YOUR ASSIGNMENT » When you reach the line below that has "U świętego Grzegorza w Ruszczy", start returning lines exactly, and stop after the line that has "Согласие на посмертное"; skip the pictures.

SOURCE DATA »
_ _ _ _ _ _ _
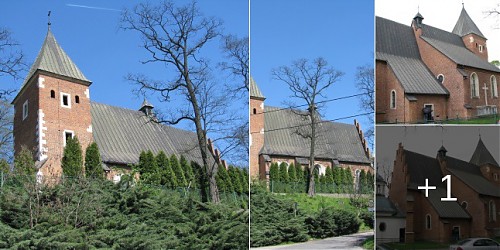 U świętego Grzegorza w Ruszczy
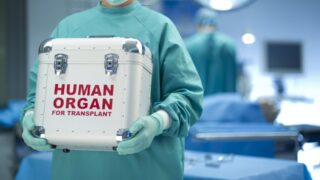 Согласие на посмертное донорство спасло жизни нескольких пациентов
_ _ _ _ _ _ _
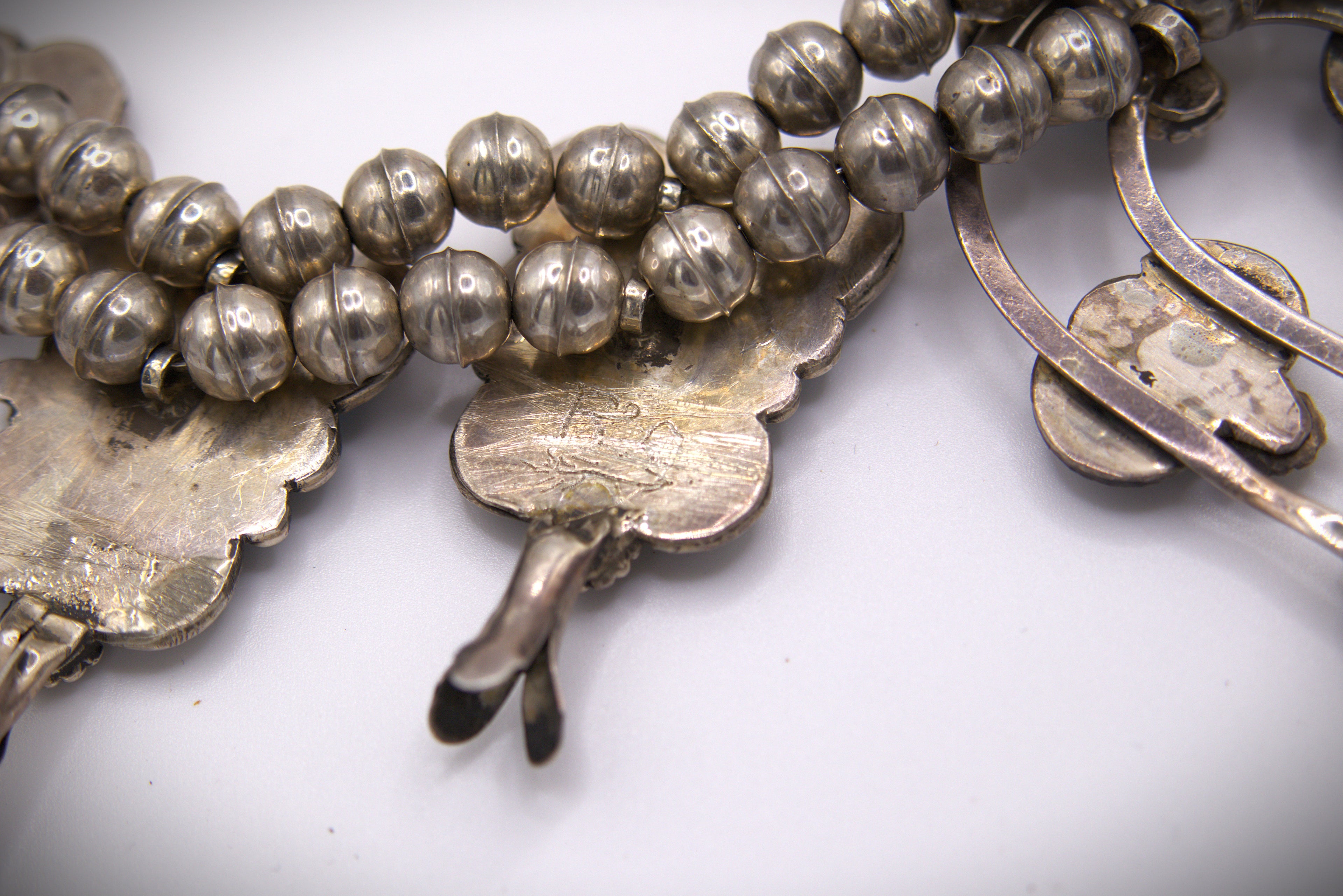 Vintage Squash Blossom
_ _ _ _ _ _ _
WRITTEN ANSWER »
 U świętego Grzegorza w Ruszczy
 Согласие на посмертное донорство спасло жизни нескольких пациентов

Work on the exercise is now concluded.